Being judged “unworthy to succeed” is relatively rare, and would arise, for example, if the surviving spouse/civil partner had murdered or committed certain other serious crimes against the deceased. It could also apply if the spouse/civil partner had deserted the deceased for at least two years before death.
Rights of children under a will
Unlike a spouse/civil partner, children do not have any absolute right to inherit their parent’s estate if the parent has made a will. Children born inside or outside marriage and adopted children all have the same rights and there are no age restrictions.
However, a child may make an application to court if he/she feels that he/she has not been adequately provided for.

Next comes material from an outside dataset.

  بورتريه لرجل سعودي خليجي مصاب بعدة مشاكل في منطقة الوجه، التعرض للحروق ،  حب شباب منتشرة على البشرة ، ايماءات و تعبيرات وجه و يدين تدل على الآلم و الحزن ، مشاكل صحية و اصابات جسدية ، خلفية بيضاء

By way of summary of Section 117 of the Succession Act provides that a child, including an adult child, of a deceased parent who has made a will may apply to Court for a declaration that the parent failed in his or her “moral duty” to make proper provision for the child in accordance with the parent’s means during the parent’s lifetime whether in the parent’s will or otherwise. If the Court agrees that the parent failed to comply with the duty to make proper provision for the child, it may make an Order
that such provision as is considered just be made for the child out of the deceased parent’s Estate
It is important to seek legal advice before making such an application. An application must be made within 6 months of the taking out of a Grant of Representation. The court then has to decide if the parent has failed in his/her duty to the child in accordance with the needs of that child. Each case is considered individually, but it is important to remember that the legal right share of the spouse cannot be infringed in order to give the child a greater share of the estate. It can, however, reduce the entitlement of a civil partner.
The family/shared home
The surviving spouse/civil partner may require that the family/shared home be given to him/her in satisfaction of his/her legal right share, although if the house is worth more than the legal right share, the spouse/civil partner may have to pay the difference into the deceased’s estate. A court may decide that this sum does not have to be paid if it would cause undue hardship to the spouse/civil partner or dependent children.
Giving away property in order to disinherit
If a court finds that the deceased person gave away property before he/she died with the intention of defeating the interest of or unfairly reducing the legal right share of a spouse/civil partner or child, a court order may be issued to the person who received the property, making that person a debtor of the estate, and requiring them to pay back an amount to the estate.